Manual do proprietário – o que é sombra?
Ponto cego do retrovisor, buraco repentino do qual não se desvia, a sombra é nosso carona invisível, faceta que negamos, não vemos e não queremos ser. Nela habitam todos os aspectos reprimidos da personalidade, tanto negativos quanto positivos.
“A sombra é aquilo que já fiz e reprimi ou tenho potencial para fazer, aquilo que não se elege como principal na vida. Passa pelo que não temos desejo de ser nem gostaríamos que as pessoas vissem de nós”, diz o psicoterapeuta junguiano, Ascânio Jatobá de Almeida Soares.
Depois de agir sob influência da sombra, é comum ouvir lamentações como: “não era eu”, “eu estava fora mim”. Vale perguntar: se não você, quem era? De quem se trata esse outro? Onde está quando não em si?
“Somos múltiplas personalidades. Ao volante, está o ego, centro da consciência. É como dirigir um microônibus cheio de passageiros, cada qual querendo assumir a direção e seguir o próprio caminho. Os passageiros são outras partes de nós mesmos, que têm vontade própria. Entre eles, está a sombra”, explica Soares. “Essa diferença pode ser facilmente reconhecida, por exemplo, quando queremos abandonar um vício ou comportamento. Um lado diz: pare de fumar; enquanto outro argumenta: será só mais um...”.
GPS – como encontrar sua sombra?
“De pequenas fraquezas (como disparar resmungos no trânsito) a forças verdadeiramente maléficas – a ponto de matar outro motorista ou pedestre –, a sombra pode revelar complexos reprimidos, aspectos imaturos da personalidade”, diz o psicoterapeuta.
A sombra pode ser identificada pelas fortes emoções que desperta, geralmente com sentimento de raiva, ódio, medo e descontrole com pessoas do mesmo sexo. Pode aparecer também como atriz no palco dos sonhos, simbolizada no tipo físico oposto ao do sonhador, um irmão ou alguém que seja muito próximo.
O psicoterapeuta sugere dois bons exercícios para começar a perceber os aspectos de sua sombra:
Espelho – preste atenção às críticas mais freqüentes e duras que faz a outros motoristas. Não as críticas banais, mas as sistemáticas e que lhe tiram do sério. Provavelmente, o seu julgamento diz mais sobre você mesmo do que sobre ele. O exercício pode se estender a outros campos da vida. Temos tendência a criticar no outro o que não queremos enxergar em nós mesmos.

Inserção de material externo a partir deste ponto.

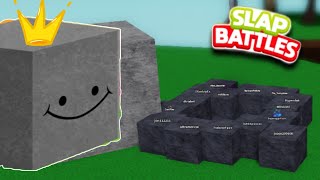 How To Summon KING SBEVE  Slap Battles Roblox [upl. by Lateehs]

experimente fazer uma listas de suas virtudes como motorista e como pessoa. Ao lado, faça outra com características opostas às que acabou de descrever. Você terá uma prévia do que está guardando a sete chaves no insconsciente. Antes de investir contra alguém, pense que aspecto de sua personalidade está sendo revelado por ele.
Pisca alerta: o que fazer com a sombra?
Segundo Jung, “todo homem tem uma sombra e, quanto menos ela se incorporar a sua vida consciente, mais escura e densa ela será. De qualquer modo, ela forma uma trava inconsciente que frustra nossas melhores intenções”.
Autoconhecimento é um dos caminhos mais certeiros para se relacionar com a própria sombra. “Uma boa técnica é dialogar com ela, na forma de escrita. Identifique, por exemplo, uma situação que lhe tira do sério ao volante. Imagine que esse que ‘sai de si’ é um outro. Reserve um tempo em que não seja incomodado e – com papel e caneta ou no computador – escreva um diálogo com ‘ele’. Pergunte quem é, o que sente, por que age de determina forma etc. Deixe fluir”, recomenda Soares.
E antes da próxima discussão quando estiver dirigindo, lembre-se: você nunca sabe o que a sombra do outro é capaz. Por isso, evite provocá-la.